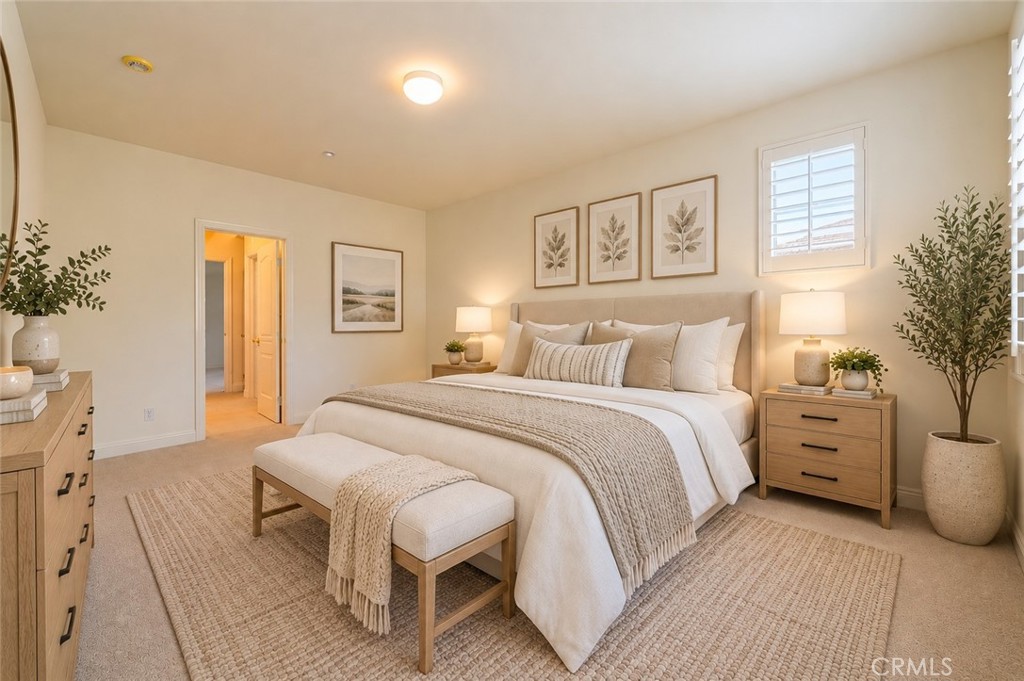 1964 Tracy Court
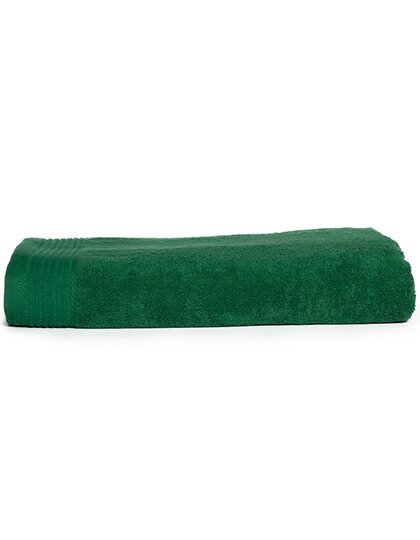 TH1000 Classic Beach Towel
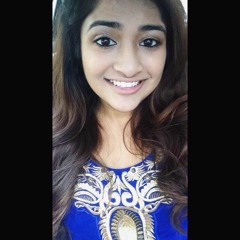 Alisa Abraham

• • • •

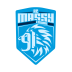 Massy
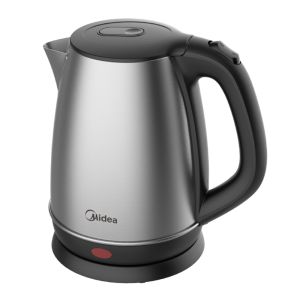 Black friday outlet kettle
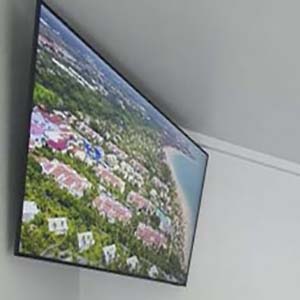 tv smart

• • • •

-- Prompt --
Pictures are to be left out. Write out only the lines above starting at the one with "1964 Tracy Court" and ending at the one with "Alisa Abraham", both lines included, exactly.

-- Solution --
 1964 Tracy Court
 TH1000 Classic Beach Towel
 Alisa Abraham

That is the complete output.